The Vatican and prime minister Silvio Berlusconi piled pressure on Italy’s president to change his mind and order that a comatose woman be kept alive in a right-to-die case that has split the mainly Catholic country.
The case has snowballed into a political standoff after President Giorgio Napolitano refused to sign and make legally binding a decree by Berlusconi's government ordering doctors to resume force-feeding the woman.
In a rare clash with the head of state, the Vatican publicly sided with Mr Berlusconi, urging Mr Napolitano to reconsider the move and do all he could to keep alive Eluana Englaro (38) who has been in a vegetative state since a 1992 car crash.
"I think
the government is doing everything possible to save Eluana's life," Cardinal Javier Lozano Barragan, the Vatican's health minister, told Italia 1 television today.
"We ask the Lord that the president of the republic can reconsider ... and find a way to reconcile this decree with the Italian constitution," he said.

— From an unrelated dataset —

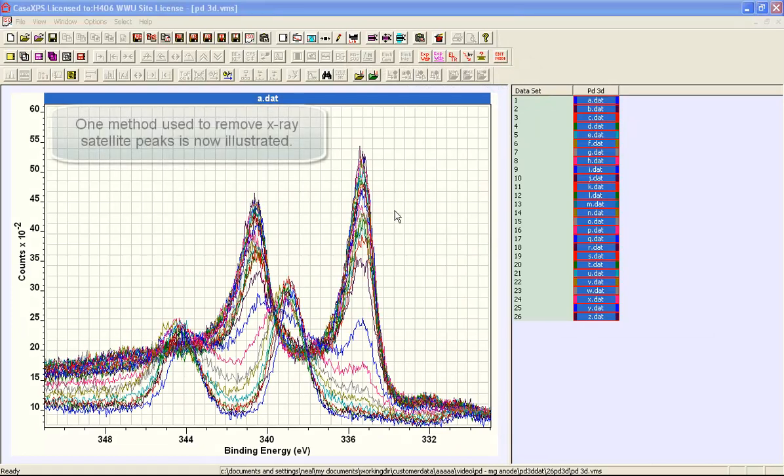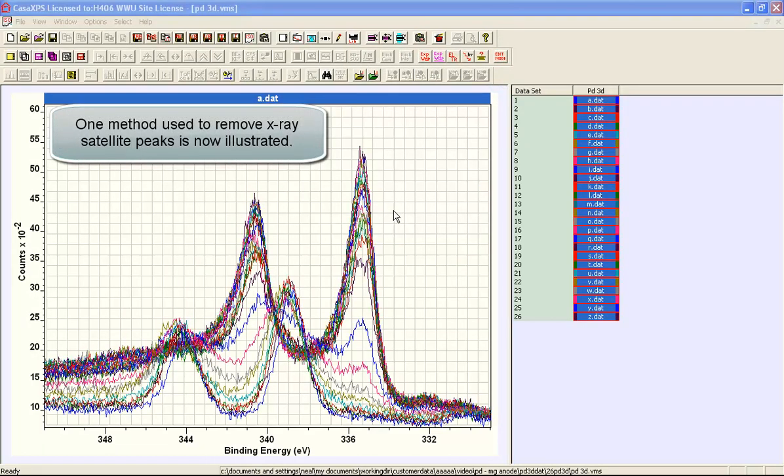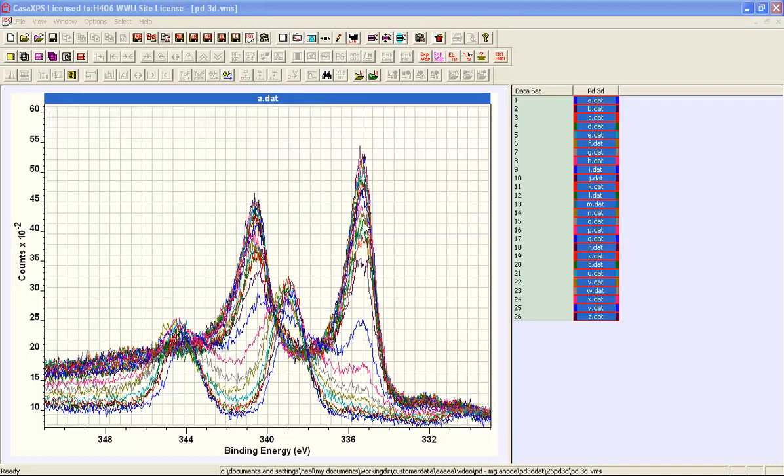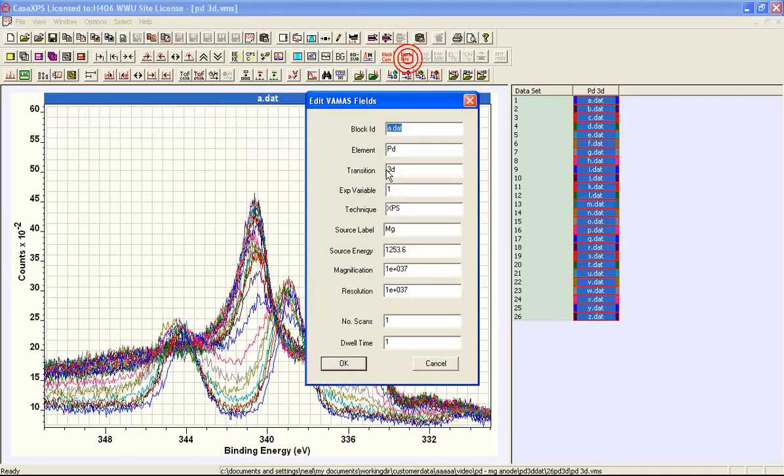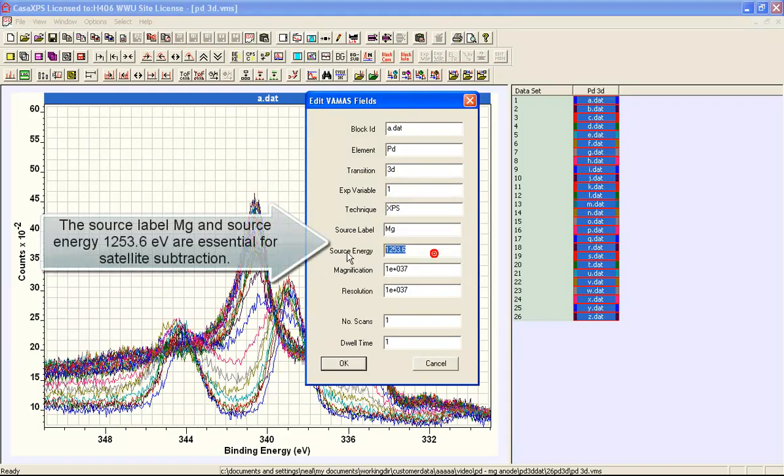Since these data were collected using a magnesium anode and we specified a magnesium anode when we converted these data, the information that's within the VAMAS block includes the fact that we do have a source which is magnesium.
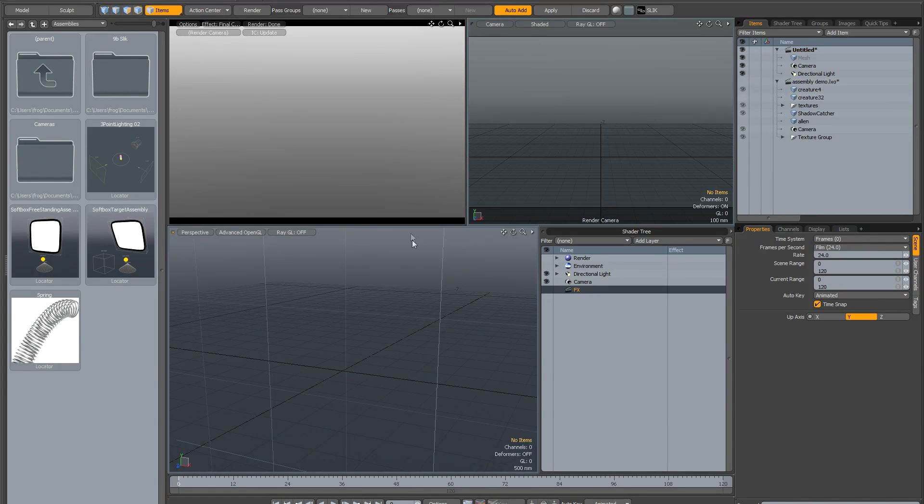With the release of Modo 601 Service Pack 1, you'll notice there are a couple of new preset assemblies: a softbox freestanding assembly and a softbox target assembly.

Doctors began withdrawing food from Ms Englaro on Friday in line with a ruling by Italy's highest court to allow her to die, as requested by her father.
Hours later, Mr Berlusconi said today a letter by Mr Napolitano explaining his opposition to the decree paved the way for euthanasia, which is illegal in Italy.
"I had sincerely hoped that the president would distance himself from a judicial stance that we do not accept," he said.
The centre-left opposition has backed Mr Berlusconi is now hoping to rush through parliament, where he has a comfortable majority, a draft bill barring doctors from stopping nutrition to comatose patients.
Ms Englaro's case has been compared to that of Terri Schiavo, the American woman who was allowed to die in 2005 after a long legal battle.
Ms Englaro's father has battled his way through Italy's courts for more than 10 years, saying that, before the accident, she had stated her wish not to be kept alive artificially.
This week he took her to a new hospice which has agreed to stop nutrition, after several clinics turned him down fearing retaliation.
Medical experts say it could take around two weeks for Ms Englaro to die. Most say she would feel no pain.